La Commissione europea teme che il coronavirus possa spazzare la sua punta di diamante: il new green deal, ovvero il pacchetto normativo che punta ad azzerare le emissioni di CO2 entro il 2050. In un simile periodo si potrebbe essere tentati di lasciar perdere la lotta ai cambiamenti climatici. Ma l'Unione europea prova a rilanciare.

In un tweet, il vicepresidente della Commissione europea, Frans Timmermans, ricorda ancora una volta che il new Green Deal resta la stella polare del lavoro istituzionale.

Sulla stessa linea il Parlamento europeo che vuole agganciare la ripresa economica alla questione del clima. Finanziando progetti lungimiranti.

"La crisi climatica non è scomparsa con il covid-19 - ricorda Pascal Canfin eurodeputato liberale francese - . Sarebbe uno spreco non cogliere questo momento drammatico per metterci sulla giusta strada. Dobbiamo rilanciare l'economia e l'occupazione europea partendo dall'industria sostenibile. Per farlo dobbiamo sostenere principalmente i settori strategici volti a neutralizzare il nostro impatto ambientale. "

Canfin stima che per la ripresa ci vorranno almeno 300 miliardi di euro di investimenti pubblici nei prossimi due anni. L'industria dell'auto vuole mantenere i suoi impegni per tagliare le emissioni, ma per ora la priorità è sopravvive.

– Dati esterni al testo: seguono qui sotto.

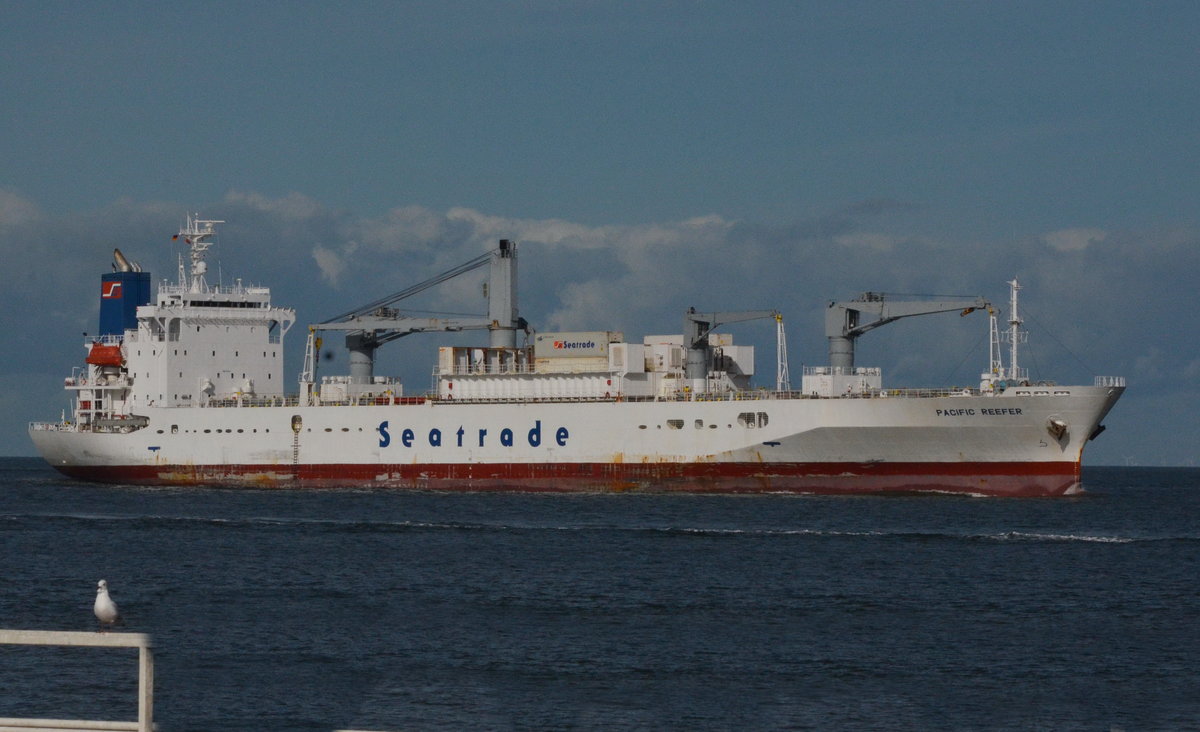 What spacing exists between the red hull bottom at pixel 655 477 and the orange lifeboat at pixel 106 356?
451 centimetres

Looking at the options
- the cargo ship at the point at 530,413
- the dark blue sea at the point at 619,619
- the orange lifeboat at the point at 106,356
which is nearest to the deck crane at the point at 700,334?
the cargo ship at the point at 530,413

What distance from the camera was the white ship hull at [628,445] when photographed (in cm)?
4922

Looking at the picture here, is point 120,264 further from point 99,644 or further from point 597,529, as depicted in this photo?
point 99,644

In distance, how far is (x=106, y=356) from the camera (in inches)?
2517

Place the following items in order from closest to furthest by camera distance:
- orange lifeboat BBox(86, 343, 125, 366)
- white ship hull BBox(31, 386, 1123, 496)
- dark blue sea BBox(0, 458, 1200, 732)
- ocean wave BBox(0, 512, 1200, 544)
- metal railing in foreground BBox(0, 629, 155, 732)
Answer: metal railing in foreground BBox(0, 629, 155, 732), dark blue sea BBox(0, 458, 1200, 732), ocean wave BBox(0, 512, 1200, 544), white ship hull BBox(31, 386, 1123, 496), orange lifeboat BBox(86, 343, 125, 366)

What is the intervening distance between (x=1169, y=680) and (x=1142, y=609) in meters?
6.74

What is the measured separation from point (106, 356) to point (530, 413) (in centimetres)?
2040

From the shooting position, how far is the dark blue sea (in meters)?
19.6

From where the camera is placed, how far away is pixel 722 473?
172 feet

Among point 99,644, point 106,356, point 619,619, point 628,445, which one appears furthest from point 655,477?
point 99,644

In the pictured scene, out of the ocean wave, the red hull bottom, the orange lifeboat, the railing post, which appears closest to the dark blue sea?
the ocean wave

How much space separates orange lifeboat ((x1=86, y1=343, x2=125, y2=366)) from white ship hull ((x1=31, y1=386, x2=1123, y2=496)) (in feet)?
10.7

"Se il settore automobilistico europeo non sopravviverà a questa a crisi, credo che per l'ambiente non ci siano buone notizie - osserva Eric Mark Huitema, direttore dell'Associazione europea dei costruttori automobilistici ACEA - . Perché potremmo assistere ad un afflusso nelle nostre strade di macchine provenienti da Cina, Stati Uniti e Asia che sono più inquinanti di quelle europee. Abbiamo davvero tutte le migliori intenzioni di lavorare con la Commissione europea per il bene della nostra l'industria automobilistica".

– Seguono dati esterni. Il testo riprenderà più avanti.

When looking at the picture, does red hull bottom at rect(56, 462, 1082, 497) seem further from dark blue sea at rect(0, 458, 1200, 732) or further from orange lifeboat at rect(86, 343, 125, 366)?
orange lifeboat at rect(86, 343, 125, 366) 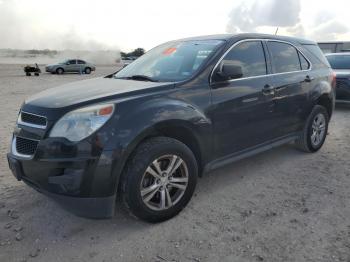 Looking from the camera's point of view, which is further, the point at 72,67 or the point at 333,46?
the point at 72,67

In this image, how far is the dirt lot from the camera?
288 cm

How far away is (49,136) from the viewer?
2.91 m

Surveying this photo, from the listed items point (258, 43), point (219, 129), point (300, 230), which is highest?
point (258, 43)

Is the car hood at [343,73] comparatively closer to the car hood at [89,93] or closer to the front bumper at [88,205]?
the car hood at [89,93]

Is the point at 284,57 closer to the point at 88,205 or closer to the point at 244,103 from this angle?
the point at 244,103

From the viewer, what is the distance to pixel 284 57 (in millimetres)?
4832

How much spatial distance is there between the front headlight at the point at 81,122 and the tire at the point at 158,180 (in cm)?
45

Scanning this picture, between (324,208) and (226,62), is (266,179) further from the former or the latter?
(226,62)

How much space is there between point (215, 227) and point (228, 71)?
1.61m

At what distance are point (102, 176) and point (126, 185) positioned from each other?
0.27m

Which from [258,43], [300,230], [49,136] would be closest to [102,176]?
[49,136]

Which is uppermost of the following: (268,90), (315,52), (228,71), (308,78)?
(315,52)

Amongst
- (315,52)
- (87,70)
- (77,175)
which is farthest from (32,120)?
(87,70)

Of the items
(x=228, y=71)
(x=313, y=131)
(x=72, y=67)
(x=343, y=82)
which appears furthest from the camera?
(x=72, y=67) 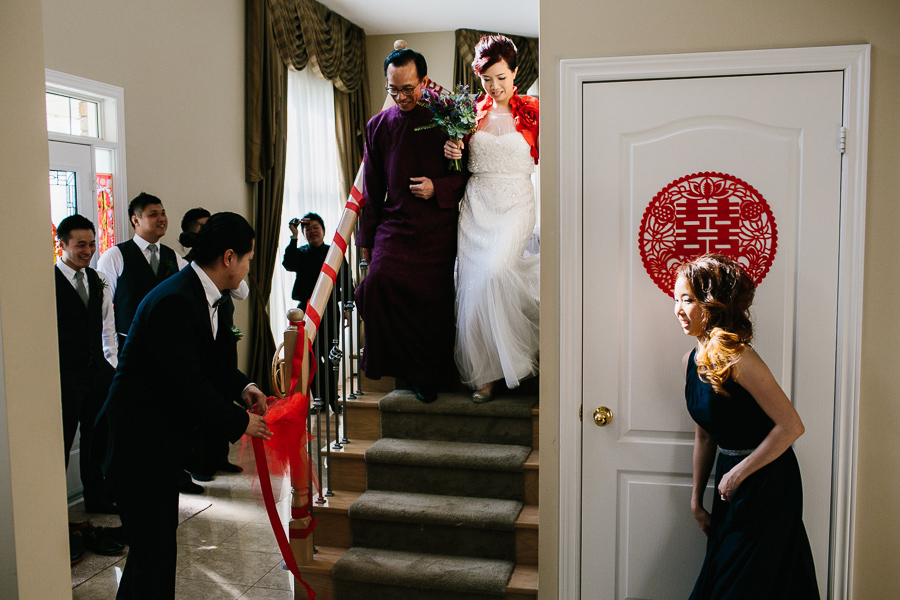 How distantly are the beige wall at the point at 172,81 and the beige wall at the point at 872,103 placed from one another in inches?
120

Il budget europeo dei prossimi sette anni

Per rilanciare l'economia europea, secondo le stime che includono anche gli investimenti privati, ci vorrebbero dai 500 ai 1.000 miliardi di euro. Lo sblocco di queste ingenti somme potrebbe essere discusso già a partire dal summit europeo di giovedì prossimo. Anche se tra i 27 capi di stato e di governo non c'è ancora un accordo. Molti stati del Nord Europa infatti non vogliono aumentare il proprio contributo al budget europeo. .

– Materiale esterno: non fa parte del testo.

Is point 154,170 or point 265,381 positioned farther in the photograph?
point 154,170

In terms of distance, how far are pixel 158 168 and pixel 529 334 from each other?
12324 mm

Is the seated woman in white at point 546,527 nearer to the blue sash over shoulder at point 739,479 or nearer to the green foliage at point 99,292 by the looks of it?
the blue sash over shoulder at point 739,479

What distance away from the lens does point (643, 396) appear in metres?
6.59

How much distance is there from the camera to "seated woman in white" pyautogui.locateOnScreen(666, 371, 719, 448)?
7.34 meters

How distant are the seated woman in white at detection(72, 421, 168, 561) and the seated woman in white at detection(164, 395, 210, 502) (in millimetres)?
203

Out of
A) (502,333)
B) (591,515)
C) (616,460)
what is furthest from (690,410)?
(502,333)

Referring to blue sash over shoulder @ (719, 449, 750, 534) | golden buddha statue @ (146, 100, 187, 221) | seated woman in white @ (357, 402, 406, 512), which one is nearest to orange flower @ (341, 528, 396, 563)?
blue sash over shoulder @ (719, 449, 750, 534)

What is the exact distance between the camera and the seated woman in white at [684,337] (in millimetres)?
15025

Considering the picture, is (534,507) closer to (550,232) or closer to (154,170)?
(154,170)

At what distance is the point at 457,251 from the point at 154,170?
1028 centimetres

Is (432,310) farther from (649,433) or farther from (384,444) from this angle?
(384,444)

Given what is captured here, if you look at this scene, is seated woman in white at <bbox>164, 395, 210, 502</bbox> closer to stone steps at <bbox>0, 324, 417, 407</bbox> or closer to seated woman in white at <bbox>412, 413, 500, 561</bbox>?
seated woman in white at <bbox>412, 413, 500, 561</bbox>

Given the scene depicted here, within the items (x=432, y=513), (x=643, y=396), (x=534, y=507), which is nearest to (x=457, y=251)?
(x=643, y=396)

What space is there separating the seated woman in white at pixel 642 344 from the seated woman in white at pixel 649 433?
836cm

"I leader europei dovrebbero concordare su un budget pluriannuale generoso e ambizioso e lasciar perdere i rigidi principi dell'austerità – esorta Ronan Palmer, del centro di ricerca sul clima E3G -. Questo è il momento di vedere dove l'Europa, nel suo insieme, ha intenzione di investire i suoi soldi, è il momento di dettare la linea degli investimenti presenti e futuri. Questo non è certo il tempo di essere parsimoniosi con gli investimenti pubblici nei settori strategici come quelli legati all'ambiente".